A sun glint appears yellow in the AVHRR Cloud RGB images, varying from dark blue with some yellowish tones (weak sun glint) to bright yellow (strong sun glint).
The open water surfaces are usually dark blue in AVHRR Cloud RGB images. An exception is the area of sun glint. A sun glint is the mirror-like reflection of the Sun from a water surface. Sun glints occur on cloud-free ocean, sea, river, lake surfaces at a given geometry of the sun and satellite viewing directions. In the sun glint area increased amount of solar energy is reflected from the water surface. Smooth ocean water becomes a "silvery mirror", while rougher surface waters (with big waves) appear less bright. As the ocean and sea is never perfectly smooth or calm, the Sun’s reflection gets blurred giving the water surface a washed out appearance.
On the right panel of the image below a sun glint can be seen both over the Black Sea and the Mediterranean Sea (north and south of Turkey) with variable strength. A very bright yellow patch south of the Turkish coast (north-east of Rhodes Island) shows very intense sun glint.

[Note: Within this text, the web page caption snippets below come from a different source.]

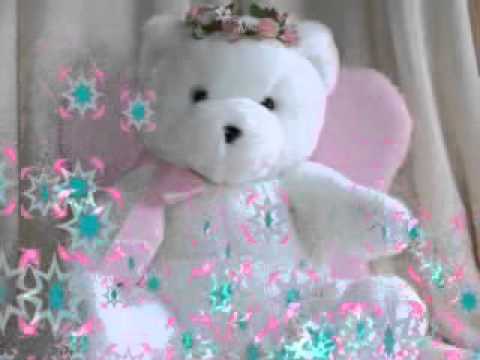 Delyno ft.Andrada and City sound - Me and You (EB:)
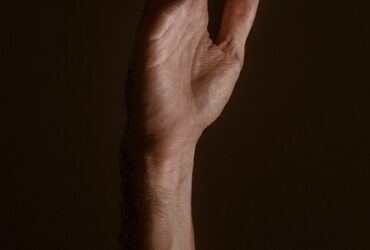 Simbolismo nell'arte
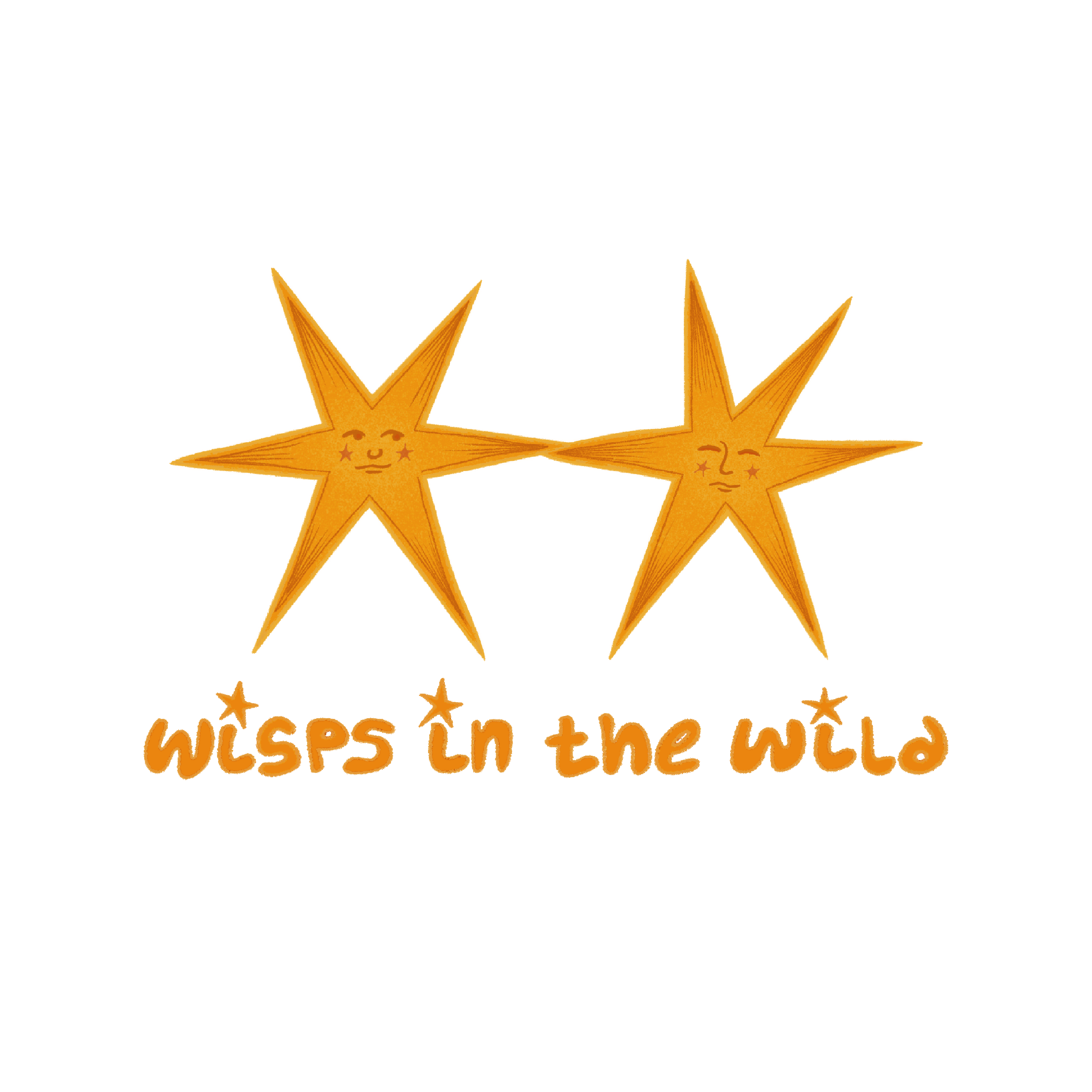 some kind of logo_edited.png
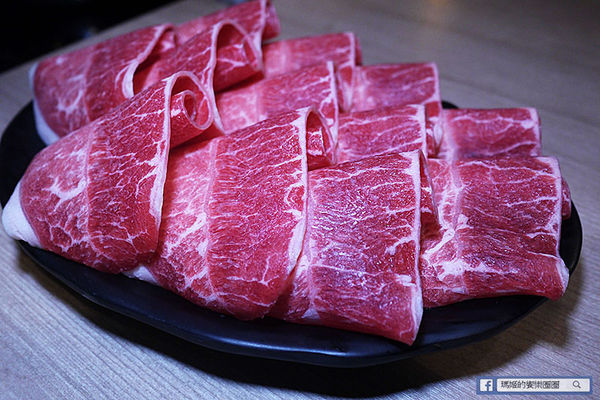 【大初 SHABU SHABU】台北東區涮涮鍋。東區火鍋。捷運國父紀念館美食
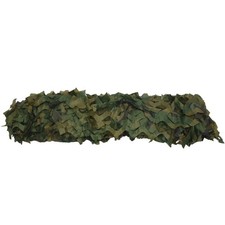 Filets De Camouflage pour la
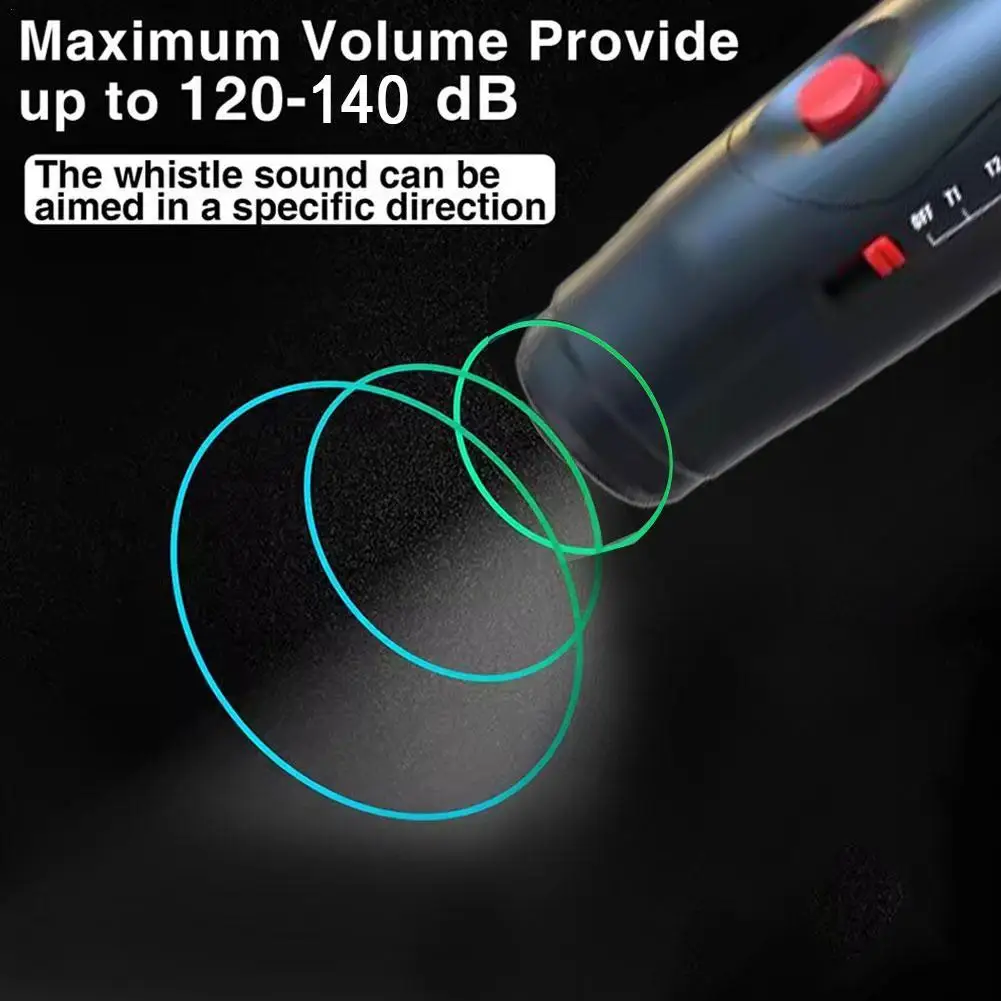 

Электронный свисток, звуки рефери, электронный свисток, свисток для выживания на открытом воздухе, футбол, баскетбол, тренировочная игра, свисток для черлидинга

The left panel shows an image of the same area without sun glint, taken 50-minutes earlier. This image is presented to make it easier to distinguish sun glint from clouds on the right panel, which is not obvious, as the low- and medium-level clouds are also yellowish. The typical wash out appearance of sun glint helps to distinguish sun glint from clouds.
AVHRR Cloud RGB images of the Black Sea and eastern Mediterranean region for 22 June 2016 at 07:19 (left) and 08:04 (right) UTC
Some more examples are presented below.
Sun glint over the Mediterranean Sea, AVHRR Cloud RGB images for 24 May 2016 at 08:58 UTC (left) and 08 May 2016 at 07:49 UTC (right)
Explanation of the colours of a sun glint (see also the recipe on the left side):
• The open water surface without sun glint is dark blue: the red and green components are almost zero, while the blue component is somewhat stronger but still low.
• In case of sun glint the red and blue signals increase, while the blue component does not change. As the reflection is similarly intensive in the VIS0.63 and NIR0.87 channels, the sun glint appears yellowish in the AVHRR Cloud RGB images.